RECORD SET
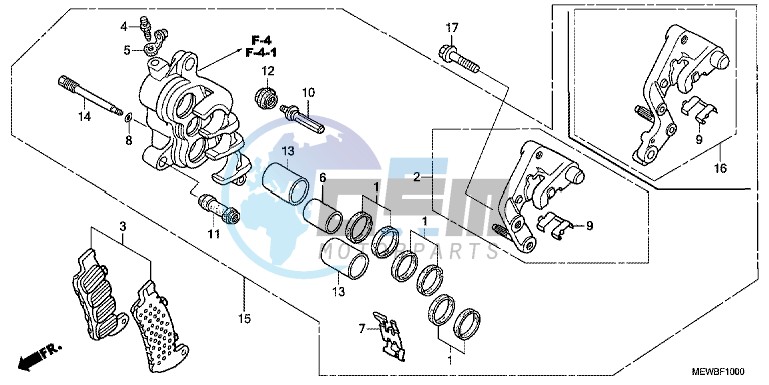 R. FRONT BRAKE CALIPER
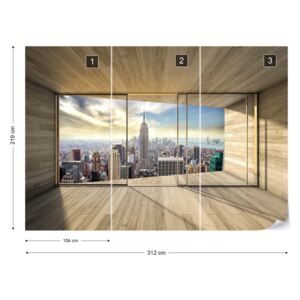 Fotótapéta GLIX - New York Városra 3D Modern Ablak Nézet Nem szőtt tapéta - 312x219 cm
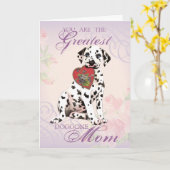 Carte Maman du coeur dalmate (Fleur jaune)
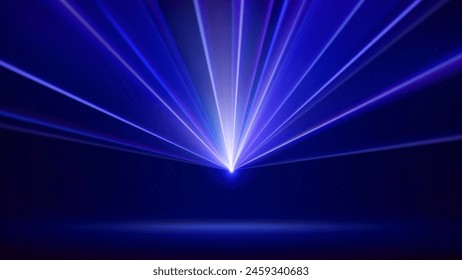 Laser light show. Bright led laser beams, dj light party. Illuminated blue stage, led strobe lights. Background, backdrop for displaying products. Vector illustration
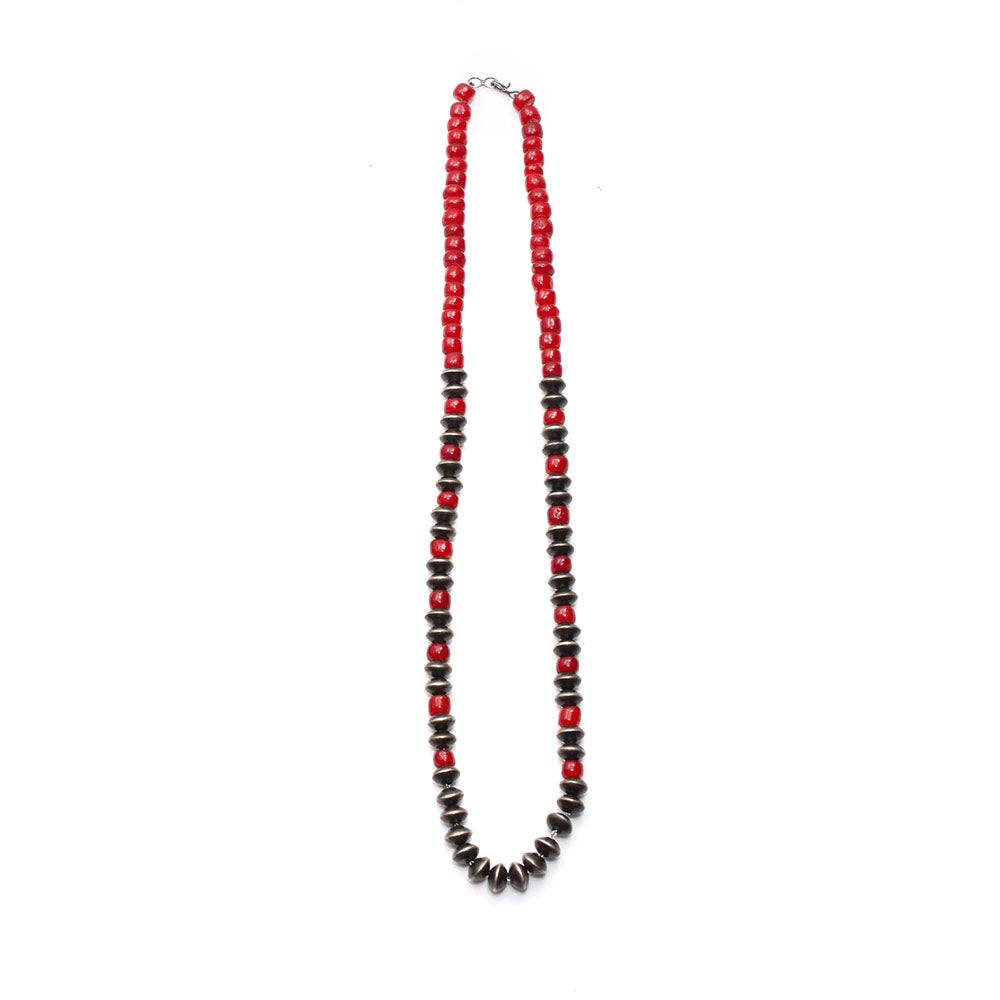 NAVAJO BEADS NECKLACE - STERLING SILVER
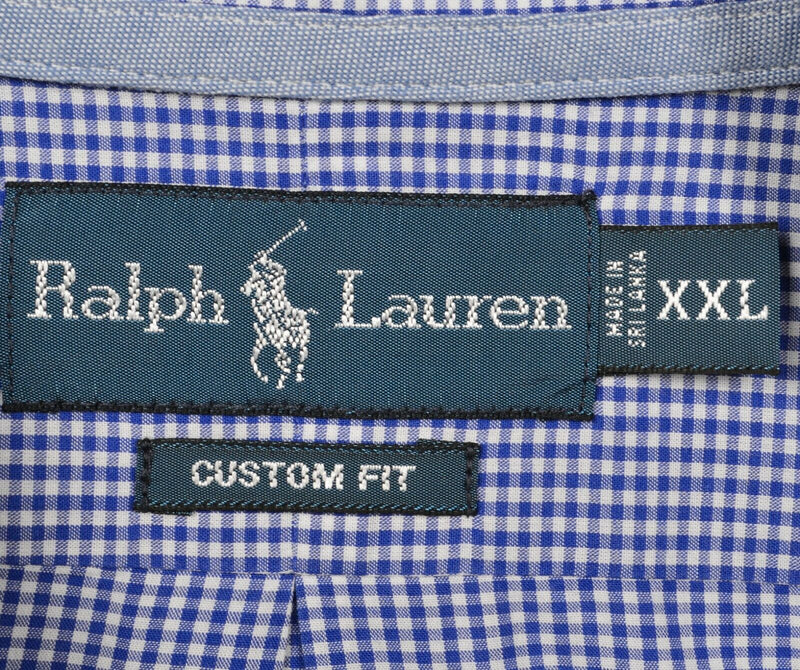 Polo Ralph Lauren Men's 2XL Custom Fit Blue White Check Button-Down Shirt
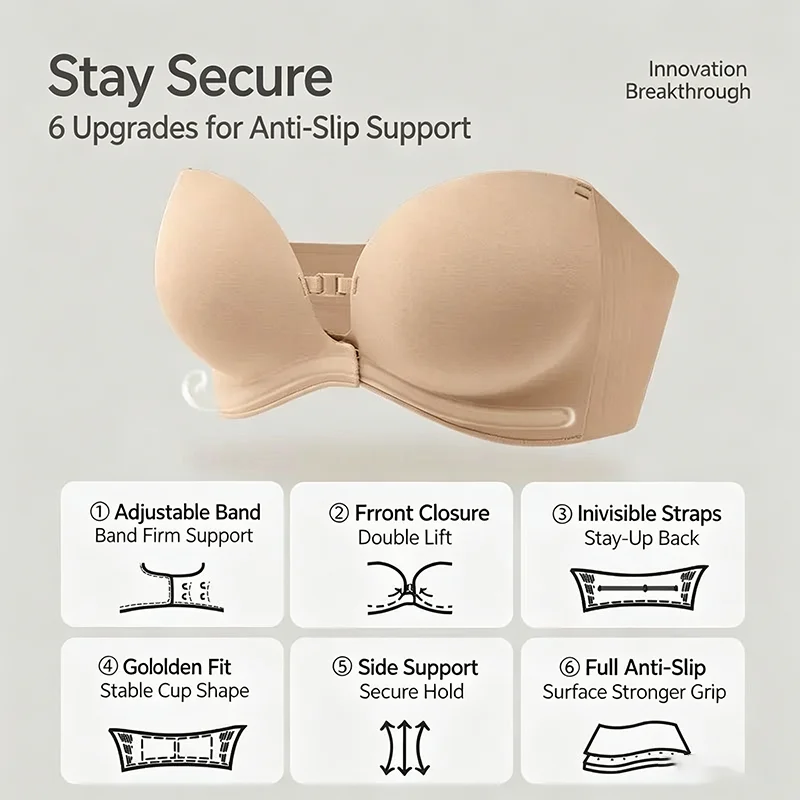 Women Front Closure Strapless Bra Seamless Push‑up Thick Soft Padded Invisible Lingerie Adjustable Solid Color Brassiere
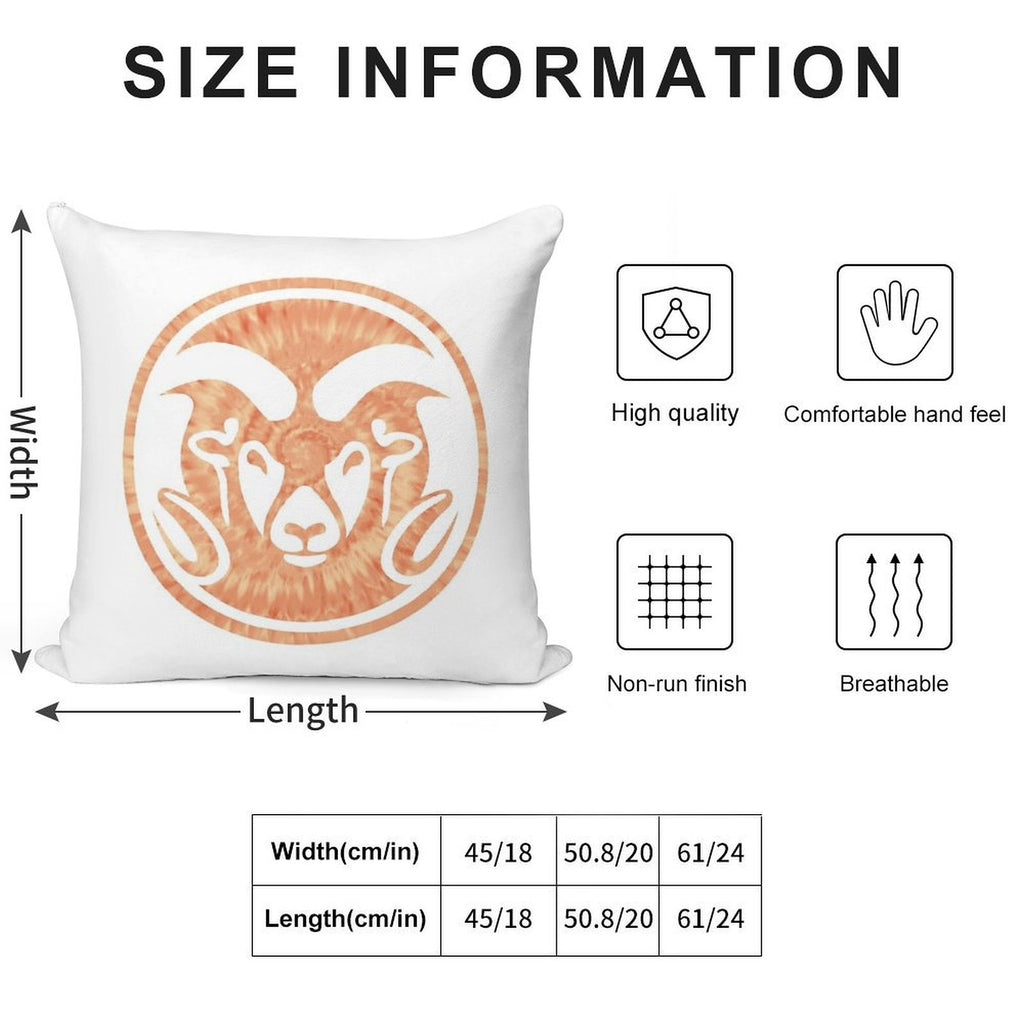 Orange Tie Dye CSU Soft Bedroom Essential Throw Pillow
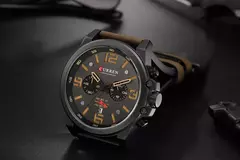 CURREN-Relógio de quartzo de couro genuíno impermeável masculino, relógio de pulso, cronógrafo, militar, esporte, marca de luxo - Wolf Magazine
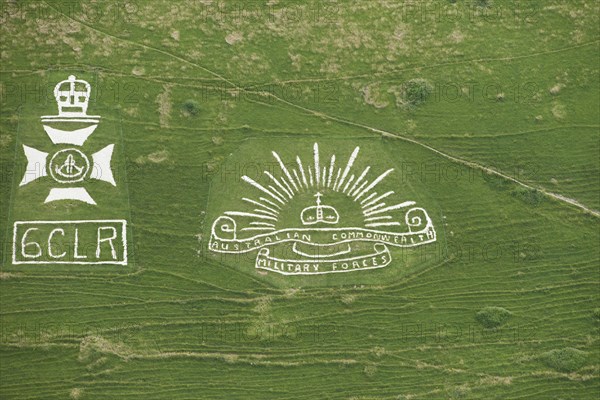 Chalk military badges, Fovant Down, Wiltshire, 2016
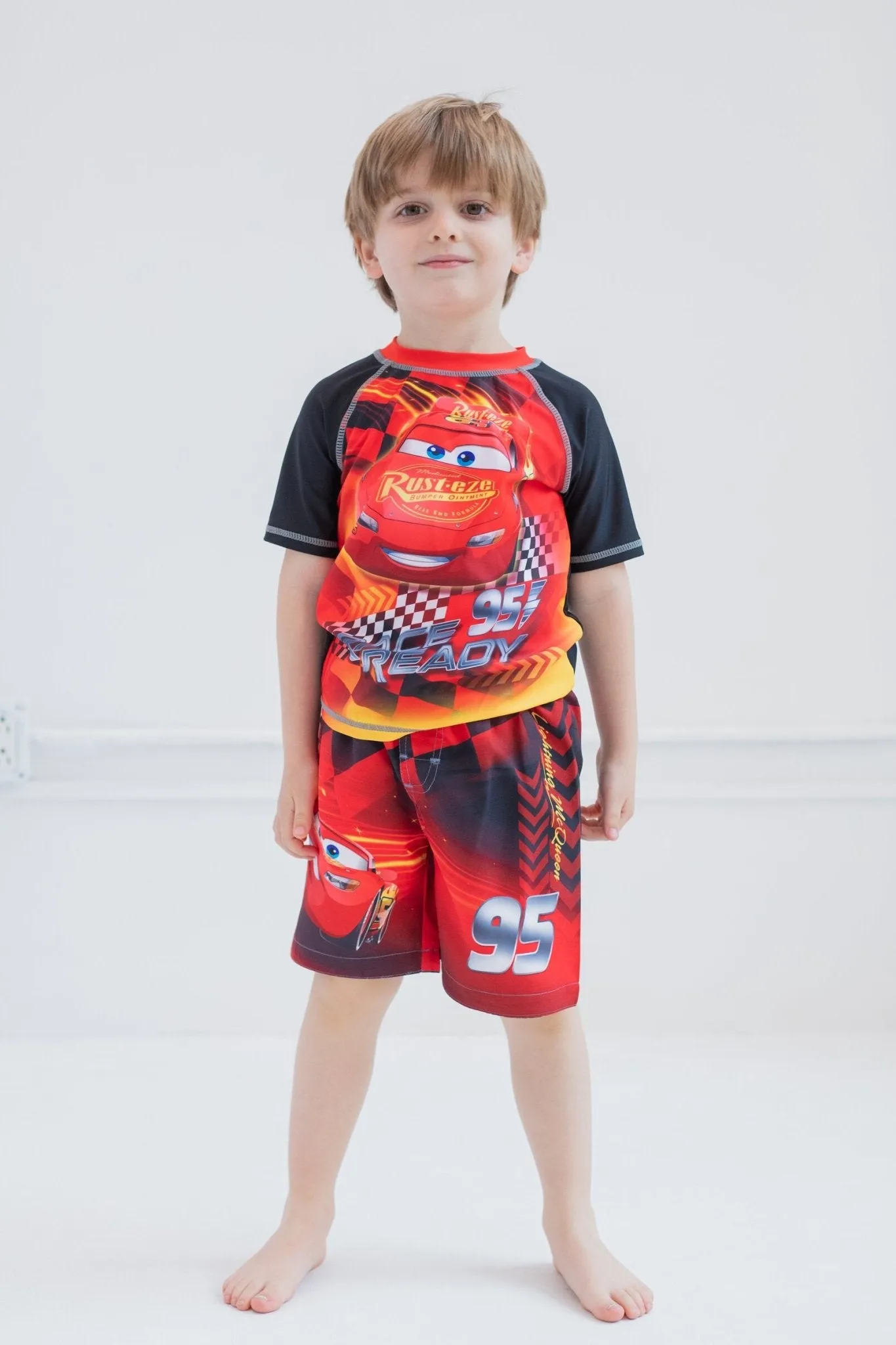 Disney Cars Lightning McQueen UPF 50  Rash Guard Swim Trunks Outfit Set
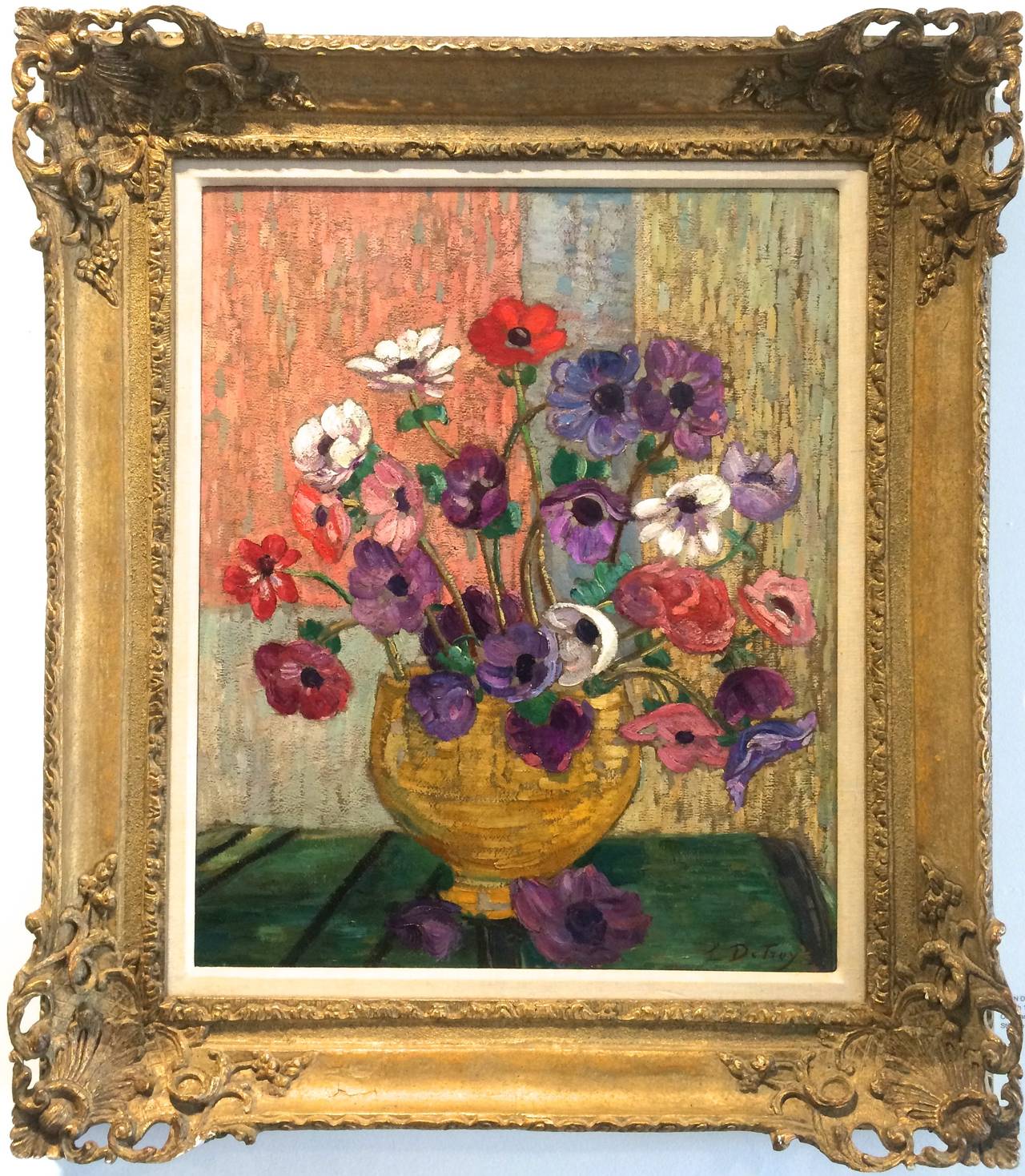 Leon Detroy Still-Life Painting - Anemone Flower Bouquet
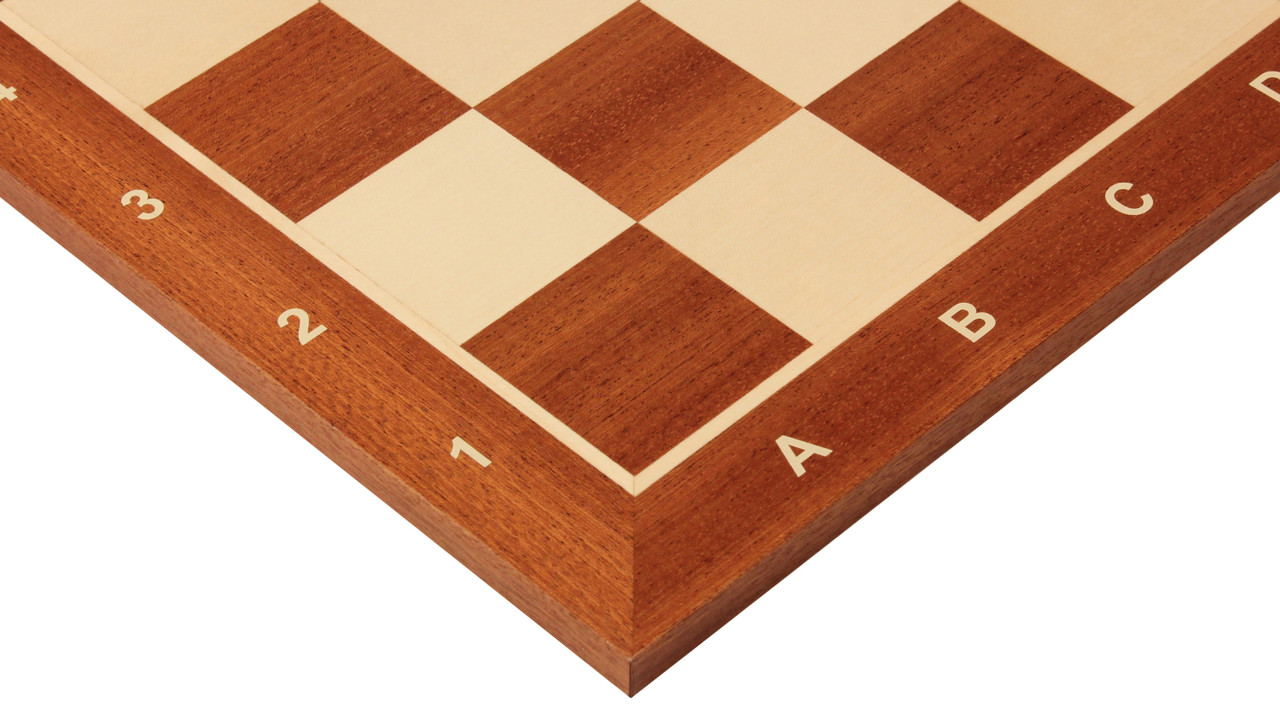 20 Standard Mahogany Chess Board with Coordinates - 55mm Square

WHAT THE TASK REQUIRES
From the first line above down to the line with "Carte Maman du coeur dalmate (Fleur jaune)", reproduce every line and no others, omitting pictures.

SOLUTION FOR THIS EXERCISE
 R. FRONT BRAKE CALIPER
 Fotótapéta GLIX - New York Városra 3D Modern Ablak Nézet Nem szőtt tapéta - 312x219 cm
 Carte Maman du coeur dalmate (Fleur jaune)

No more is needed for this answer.